**Dataset content:**
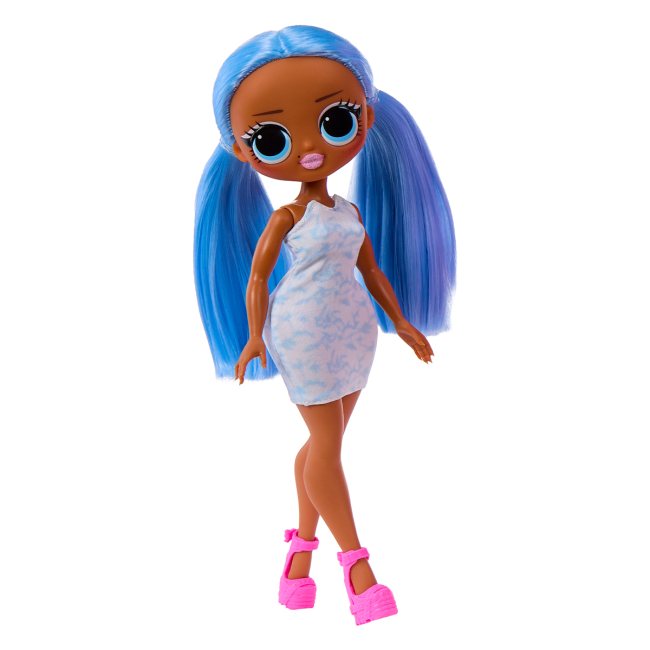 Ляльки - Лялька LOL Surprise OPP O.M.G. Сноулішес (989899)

...

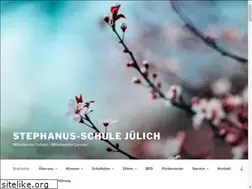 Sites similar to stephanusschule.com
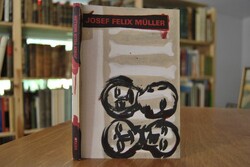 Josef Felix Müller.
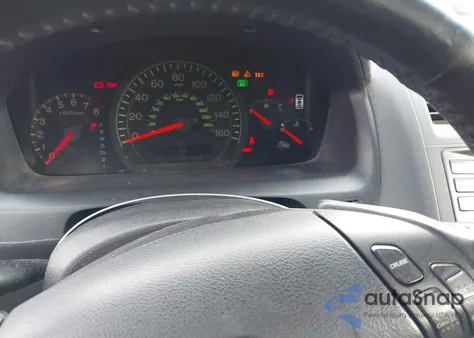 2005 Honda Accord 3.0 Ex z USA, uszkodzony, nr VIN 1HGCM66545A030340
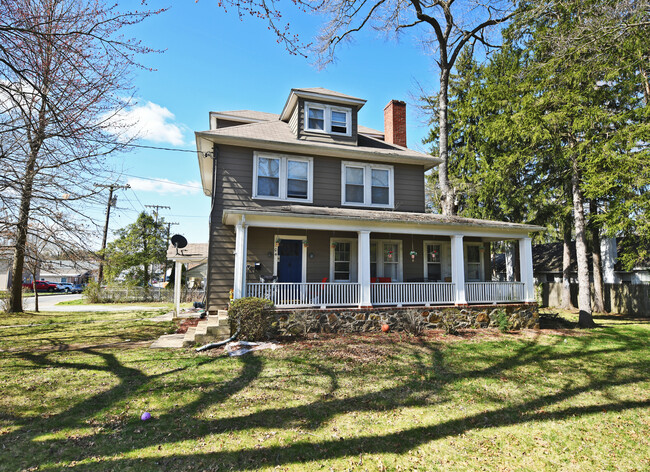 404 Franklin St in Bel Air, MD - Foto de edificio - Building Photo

**Action item:** In the material above, which lines fall between the one holding "2005 Honda Accord" and the one holding "404 Franklin St", inclusive? Print exactly those, with the pictures left out.

**Task solution:**
 2005 Honda Accord 3.0 Ex z USA, uszkodzony, nr VIN 1HGCM66545A030340
 404 Franklin St in Bel Air, MD - Foto de edificio - Building Photo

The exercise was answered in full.